Activity ▸ Your task is to copy every entry exactly.
Given entries section start
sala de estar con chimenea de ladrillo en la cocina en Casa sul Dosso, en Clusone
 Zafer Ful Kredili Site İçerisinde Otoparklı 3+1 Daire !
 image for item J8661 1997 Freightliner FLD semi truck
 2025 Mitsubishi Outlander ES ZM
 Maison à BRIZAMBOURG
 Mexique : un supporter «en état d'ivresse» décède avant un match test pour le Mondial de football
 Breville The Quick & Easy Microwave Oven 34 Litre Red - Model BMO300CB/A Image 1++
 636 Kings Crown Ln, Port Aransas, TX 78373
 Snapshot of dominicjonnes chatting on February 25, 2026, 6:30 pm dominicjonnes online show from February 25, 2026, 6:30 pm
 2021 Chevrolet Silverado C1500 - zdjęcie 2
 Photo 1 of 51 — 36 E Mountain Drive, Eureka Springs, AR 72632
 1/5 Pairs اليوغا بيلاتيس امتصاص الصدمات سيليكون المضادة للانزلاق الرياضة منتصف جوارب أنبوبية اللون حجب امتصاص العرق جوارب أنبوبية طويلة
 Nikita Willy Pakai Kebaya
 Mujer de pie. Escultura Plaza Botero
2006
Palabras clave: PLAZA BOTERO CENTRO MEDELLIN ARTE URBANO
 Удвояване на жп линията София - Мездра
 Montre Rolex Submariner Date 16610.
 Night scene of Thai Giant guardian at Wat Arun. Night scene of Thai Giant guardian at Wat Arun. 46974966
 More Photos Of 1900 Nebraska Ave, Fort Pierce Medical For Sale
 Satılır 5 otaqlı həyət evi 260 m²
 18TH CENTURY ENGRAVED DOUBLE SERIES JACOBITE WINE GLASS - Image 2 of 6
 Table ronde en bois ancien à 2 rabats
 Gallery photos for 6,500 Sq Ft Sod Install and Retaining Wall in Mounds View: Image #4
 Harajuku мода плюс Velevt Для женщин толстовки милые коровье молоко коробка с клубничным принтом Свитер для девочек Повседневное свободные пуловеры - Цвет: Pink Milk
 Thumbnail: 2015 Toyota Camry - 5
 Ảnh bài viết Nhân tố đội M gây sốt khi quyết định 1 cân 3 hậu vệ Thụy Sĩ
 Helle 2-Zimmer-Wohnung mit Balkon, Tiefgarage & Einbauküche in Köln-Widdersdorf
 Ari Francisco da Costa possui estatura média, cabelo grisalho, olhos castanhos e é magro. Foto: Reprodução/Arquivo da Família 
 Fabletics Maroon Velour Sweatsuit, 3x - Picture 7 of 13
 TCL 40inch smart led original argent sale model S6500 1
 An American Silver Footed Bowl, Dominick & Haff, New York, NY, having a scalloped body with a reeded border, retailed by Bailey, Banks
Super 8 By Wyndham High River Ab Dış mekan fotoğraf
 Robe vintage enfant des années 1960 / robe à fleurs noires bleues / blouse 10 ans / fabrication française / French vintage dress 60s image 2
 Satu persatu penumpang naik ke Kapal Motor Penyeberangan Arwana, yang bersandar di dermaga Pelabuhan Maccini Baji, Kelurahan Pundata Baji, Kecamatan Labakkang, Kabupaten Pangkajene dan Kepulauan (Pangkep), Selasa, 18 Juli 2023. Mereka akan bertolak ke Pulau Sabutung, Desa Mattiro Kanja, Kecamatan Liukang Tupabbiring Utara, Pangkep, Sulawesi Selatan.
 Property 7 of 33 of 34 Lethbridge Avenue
Given entries section end
Written solution ▸
sala de estar con chimenea de ladrillo en la cocina en Casa sul Dosso, en Clusone
 Zafer Ful Kredili Site İçerisinde Otoparklı 3+1 Daire !
 image for item J8661 1997 Freightliner FLD semi truck
 2025 Mitsubishi Outlander ES ZM
 Maison à BRIZAMBOURG
 Mexique : un supporter «en état d'ivresse» décède avant un match test pour le Mondial de football
 Breville The Quick & Easy Microwave Oven 34 Litre Red - Model BMO300CB/A Image 1++
 636 Kings Crown Ln, Port Aransas, TX 78373
 Snapshot of dominicjonnes chatting on February 25, 2026, 6:30 pm dominicjonnes online show from February 25, 2026, 6:30 pm
 2021 Chevrolet Silverado C1500 - zdjęcie 2
 Photo 1 of 51 — 36 E Mountain Drive, Eureka Springs, AR 72632
 1/5 Pairs اليوغا بيلاتيس امتصاص الصدمات سيليكون المضادة للانزلاق الرياضة منتصف جوارب أنبوبية اللون حجب امتصاص العرق جوارب أنبوبية طويلة
 Nikita Willy Pakai Kebaya
 Mujer de pie. Escultura Plaza Botero
2006
Palabras clave: PLAZA BOTERO CENTRO MEDELLIN ARTE URBANO
 Удвояване на жп линията София - Мездра
 Montre Rolex Submariner Date 16610.
 Night scene of Thai Giant guardian at Wat Arun. Night scene of Thai Giant guardian at Wat Arun. 46974966
 More Photos Of 1900 Nebraska Ave, Fort Pierce Medical For Sale
 Satılır 5 otaqlı həyət evi 260 m²
 18TH CENTURY ENGRAVED DOUBLE SERIES JACOBITE WINE GLASS - Image 2 of 6
 Table ronde en bois ancien à 2 rabats
 Gallery photos for 6,500 Sq Ft Sod Install and Retaining Wall in Mounds View: Image #4
 Harajuku мода плюс Velevt Для женщин толстовки милые коровье молоко коробка с клубничным принтом Свитер для девочек Повседневное свободные пуловеры - Цвет: Pink Milk
 Thumbnail: 2015 Toyota Camry - 5
 Ảnh bài viết Nhân tố đội M gây sốt khi quyết định 1 cân 3 hậu vệ Thụy Sĩ
 Helle 2-Zimmer-Wohnung mit Balkon, Tiefgarage & Einbauküche in Köln-Widdersdorf
 Ari Francisco da Costa possui estatura média, cabelo grisalho, olhos castanhos e é magro. Foto: Reprodução/Arquivo da Família 
 Fabletics Maroon Velour Sweatsuit, 3x - Picture 7 of 13
 TCL 40inch smart led original argent sale model S6500 1
 An American Silver Footed Bowl, Dominick & Haff, New York, NY, having a scalloped body with a reeded border, retailed by Bailey, Banks
Super 8 By Wyndham High River Ab Dış mekan fotoğraf
 Robe vintage enfant des années 1960 / robe à fleurs noires bleues / blouse 10 ans / fabrication française / French vintage dress 60s image 2
 Satu persatu penumpang naik ke Kapal Motor Penyeberangan Arwana, yang bersandar di dermaga Pelabuhan Maccini Baji, Kelurahan Pundata Baji, Kecamatan Labakkang, Kabupaten Pangkajene dan Kepulauan (Pangkep), Selasa, 18 Juli 2023. Mereka akan bertolak ke Pulau Sabutung, Desa Mattiro Kanja, Kecamatan Liukang Tupabbiring Utara, Pangkep, Sulawesi Selatan.
 Property 7 of 33 of 34 Lethbridge Avenue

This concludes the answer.